In response, John Lanchester, author of 2012's critically acclaimed novel Capital, has penned a new book called How to Speak Money. It's composed of several chapters of prose that bookend a humorous and acerbic dictionary of financial nomenclature whose definitions are undergirded by a desire to illuminate the counterintuitive and sometimes deceptive realities behind recurring phrases like "austerity" and "business model." In a representative passage, Lanchester describes the latter term as "so ubiquitous it [seems] an obstacle to thought."
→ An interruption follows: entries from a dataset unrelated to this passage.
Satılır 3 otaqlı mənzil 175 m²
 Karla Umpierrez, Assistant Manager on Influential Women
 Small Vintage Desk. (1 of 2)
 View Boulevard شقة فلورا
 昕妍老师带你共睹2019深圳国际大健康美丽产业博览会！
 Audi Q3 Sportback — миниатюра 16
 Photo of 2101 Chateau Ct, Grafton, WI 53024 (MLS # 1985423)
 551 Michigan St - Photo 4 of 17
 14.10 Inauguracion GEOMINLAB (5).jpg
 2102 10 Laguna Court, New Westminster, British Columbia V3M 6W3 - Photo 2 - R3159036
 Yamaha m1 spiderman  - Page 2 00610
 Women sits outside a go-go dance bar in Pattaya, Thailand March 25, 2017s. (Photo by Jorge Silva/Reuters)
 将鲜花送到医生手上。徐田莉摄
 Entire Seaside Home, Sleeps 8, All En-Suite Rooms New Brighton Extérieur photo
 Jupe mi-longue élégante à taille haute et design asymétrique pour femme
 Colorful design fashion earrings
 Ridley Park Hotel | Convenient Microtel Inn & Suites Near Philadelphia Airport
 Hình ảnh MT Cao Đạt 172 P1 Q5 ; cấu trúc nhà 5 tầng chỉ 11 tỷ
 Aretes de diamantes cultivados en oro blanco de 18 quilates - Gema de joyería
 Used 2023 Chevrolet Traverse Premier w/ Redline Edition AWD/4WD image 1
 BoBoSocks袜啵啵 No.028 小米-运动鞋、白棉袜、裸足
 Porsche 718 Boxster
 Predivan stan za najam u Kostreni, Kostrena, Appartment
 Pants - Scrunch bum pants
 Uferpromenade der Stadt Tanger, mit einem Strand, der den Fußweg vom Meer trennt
Lanchester is both an enthusiastic and cautious critic of high finance and money-speak, aware of both the pitfalls of economese and the elegance of its assumptions. "The lack of definitive conclusions isn't a weakness in the field; it's what's interesting about it," he writes. In the course of the chapters that open and close the book, he carefully explains what he sees as one of the fundamental problems with money talk: the insularity of its lexicon means that its useful aspects are subordinated to the priorities of the people who understand it, not society at large.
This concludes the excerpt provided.